Wikidata:Requests for comment/semi-protection to prevent vandalism on most used Items
An editor has requested the community to provide input on "semi-protection to prevent vandalism on most used Items" via the Requests for comment (RFC) process. This is the discussion page regarding the issue.
If you have an opinion regarding this issue, feel free to comment below. Thank you! |
THIS RFC IS CLOSED. Please do NOT vote nor add comments.
The following discussion is closed. Please do not modify it. Subsequent comments should be made in a new section. A summary of the conclusions reached follows.
- consensus to semi-protect all items used by 500 Wikimedia pages or more. Semi-protection that is only justified by usage should be lifted once the item falls below the threshold. The criteria of Wikidata administrators about usage or visibility on Wikimedia projects may also be enough to semi-protect other items. --Pasleim (talk) 12:31, 24 June 2019 (UTC)[reply]
Data from a few Wikidata Items are shown on many Wikimedia pages (for instance, Wikipedia articles), so vandalism on these Items can cause much damage even when vandalism is quickly detected and reverted. Edits like the one that changed Iraq's label to "Iran", the one that changed Russia's label to "mainkra" or the one that vandalized the label for pneumonia made thousands of pages show wrong countries and absurd causes of death for hours, since problematic versions remain on Wikimedia pages after their reversion on Wikidata. The impact of this vandalism has been expressed on Wikipedias and on Wikidata and its prevention has been requested on Wikimedia's Community Wishlist Surveys in the current and past years. This vandalism usually extends beyond Wikimedia projects, affecting popular tools and services like Google and Siri and being echoed by the press.

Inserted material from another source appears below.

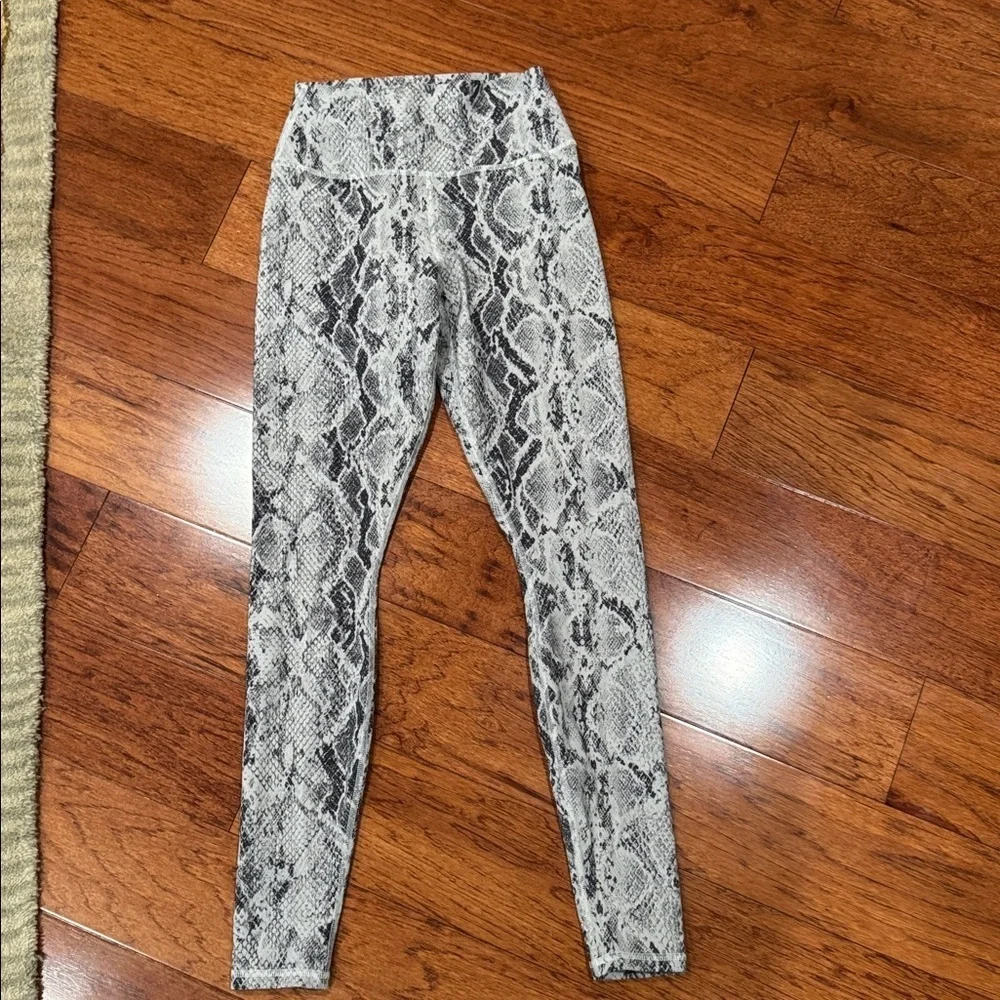 Alo Yoga Vapor Snakeskin High Waisted Leggings Size Small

This request for comments aims to compile the community's position on using semi-protection as a way of preventing vandalism on the most used Items. This request for comments does not aim to compile comments about other ways of combating vandalism, which may coexist and should be discussed on other pages, nor to discuss the implementation details (how) of the various preferences that can be reflected (what). Decisions should be based on the current resources of the community and the development team, not on those they might or might not have in the future.
Please read carefully the questions and write below the options that most closely approximate those you consider best. Thanks for your feedback! --abián 14:23, 15 February 2019 (UTC)[reply]
Questions
1. Should some Wikidata Items be semi-protected according to their usage on Wikimedia pages?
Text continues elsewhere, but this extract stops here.